The underlying issue in all these is that MVCC history was changed, in an unexpected way, by these operations. One solution could be to record these operations separately and extend any code observing changes to look for them too, leaving the operations themselves still non-MVCC. For example, in the above Backfill vs BACKUP case, we could note in some separate metadata that at 3:01, that we added keys dated to 2:59, and then force anyone looking for changes since 3:00 to instead look back further or otherwise find these mutations.
However a potentially more appealing solution is to make these operations _actually MVCC _operations, and not need to continue to try to reason about where it is okay or not okay to use less safe operations with the potential to get such reasoning disastrously wrong.
The currently used non-MVCC operations are ClearRange, RevertRange, and AddSSTable.
ClearRange
ClearRange destroys all MVCC revisions of all keys in a span.
When dropping a table or index, we could use the MVCC operation DelRange
which writes an MVCC tombstone over each key in the supplied range. However that
is potentially extremely expensive, in both time and disk space usage, as it
writes a new tombstone over each key it deletes in that span. Thus it could
require writing billions of new keys to drop a large table. Instead today we use
the operation ClearRange which writes a RangeDeletion tombstone to
Pebble/RocksDB, which can mark a whole span as deleted with a single write.
However these are non-MVCC deletes that just delete all keys in their range,
i.e. all MVCC-revisions of all SQL-written keys. To use this safely, we
currently wait until the TTL for the dropped span has elapsed, so we can assume
even historical SQL reads are now longer reading it or would notice its
destruction, and then clear it, but this leaves no record of what was deleted or
when, compared to a regular deletion.
RevertRange
RevertRange destroys all revisions newer than a target time in a span. Longer runs of adjacent revisions of keys that all match the predicate are destroyed using ClearRange while individual keys or shorter runs are destroyed with individual Clears (single-key storage tombstones). Since it uses Clear/ClearRange to destroy revisions, like ClearRange it leaves no MVCC record of what it did.
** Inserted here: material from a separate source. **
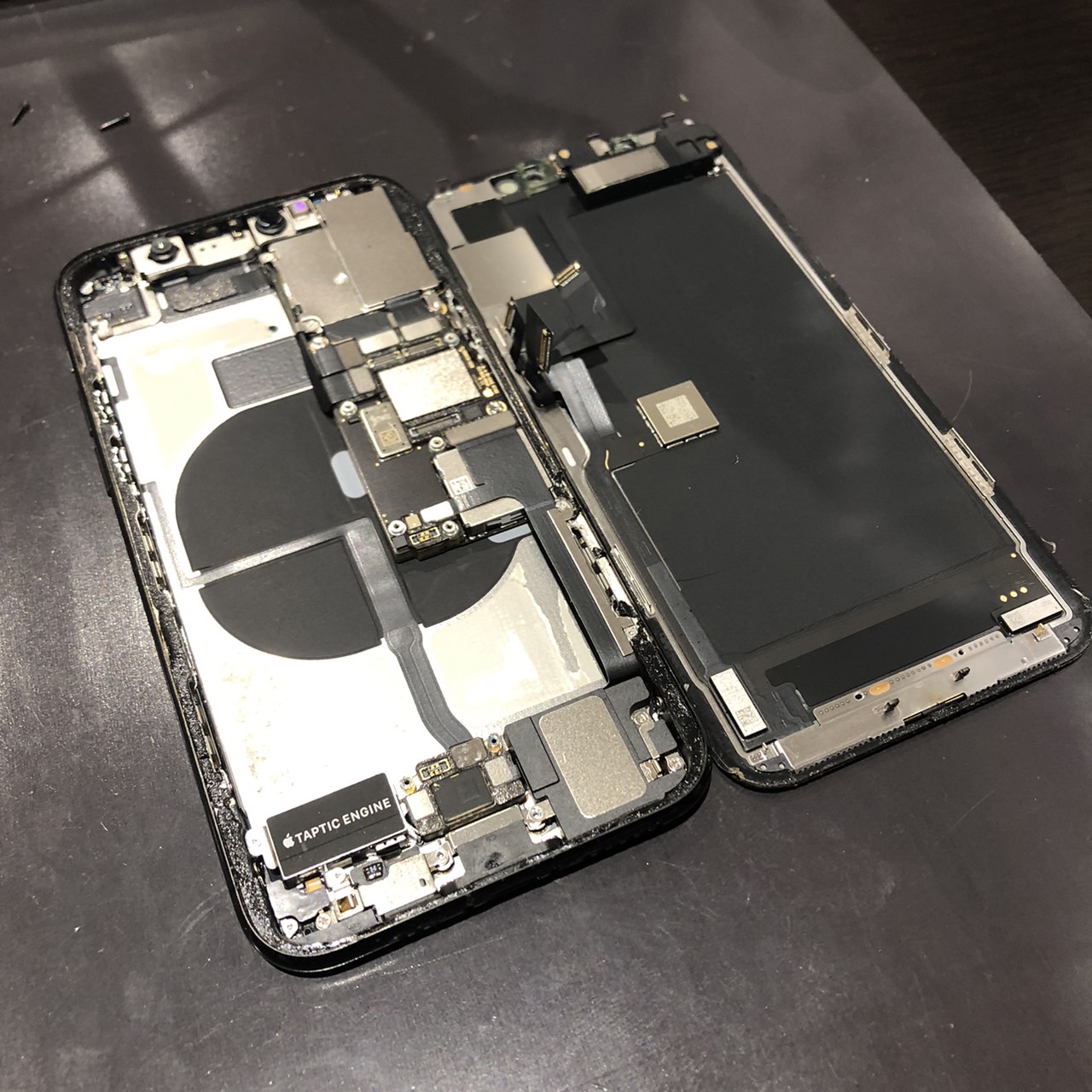 iPhone11pro　バッテリー交換修理【秋田市からご来店】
If an IMPORT INTO fails, we run RevertRange to find and delete any keys added by the IMPORT. It does this by iterating the span and comparing each key to the target time and removing those which are newer, clearing individual keys and using ClearRange on runs of matching keys. In the IMPORT case, it is always removing a new key, that had no prior mvcc revisions, where a Delete would have the same effect. We also use RevertRange to roll a span of cluster-to-cluster replicated keys back to a consistent target time (which relies on Clear'ing later revisions to unearth the earlier ones).
AddSSTable
AddSSTable allows sending a file of key-value pairs, which already have MVCC timestamps assigned to each key, to be written en masse, with little to no per-key overhead. Since the keys in the SSTable have timestamps chosen when the file is constructed, not when it is added, adding such files can "rewrite" history i.e. put keys at historical times after the fact. Currently RESTORE'd data keeps the timestamps that were on the keys when they were backed up, while IMPORT picks a specific time after it starts. Index Backfills rely on the back-dating of the keys in added files to ensure they are shadowed by any SQL traffic that writes after the scan used to read the rows from which the index keys are derived -- indeed, it currently writes all the keys at one time at which it scanned the target index to avoid ever colliding with a SQL-written intent.
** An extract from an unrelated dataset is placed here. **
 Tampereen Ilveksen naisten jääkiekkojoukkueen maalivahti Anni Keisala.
To make all SQL interactions with stored data, including bulk interactions, MVCC appends, we broadly need two new major additions to the KV API: the ability to MVCC-Delete a large range of data cheaply and the ability to cheaply ingest a large amount of pre-generated data (i.e. an SSTable) while appearing to write it at the current time.
In addition to these two major building blocks, we will need a new method to find and MVCC delete potentially large amounts of data cheaply based on its timestamp as currently done in a non-MVCC way by RevertRange.
Additionally, the SQL layer will need to fundamentally change how it backfills indexes, to no longer rely on the ability to back-date writes based on stale reads as a means of ensuring correctness.
Each of these major pieces and how they replace an existing non-MVCC operations is discussed in more detail below. Note however that the below discussions are not intended to specify the actual details of the design and implementation of each piece: it is expected that most or all of these pieces will each have a stand-alone RFC specifying their design and implementation. Insofar as the sections below describe implementation details, it is only intended to demonstrate that it is indeed a feasible component to include in this higher level plan.
We use ClearRange because it offers deletion of many keys with <O(n) writes. For dropping larger tables this justifies the fact that to use it, we need to do so in a somewhat weird, round-about way of making a job that waits out the TTL and then clears it, unlike a normal delete where we delete when we want to delete and leave GCing at the TTL to the GC.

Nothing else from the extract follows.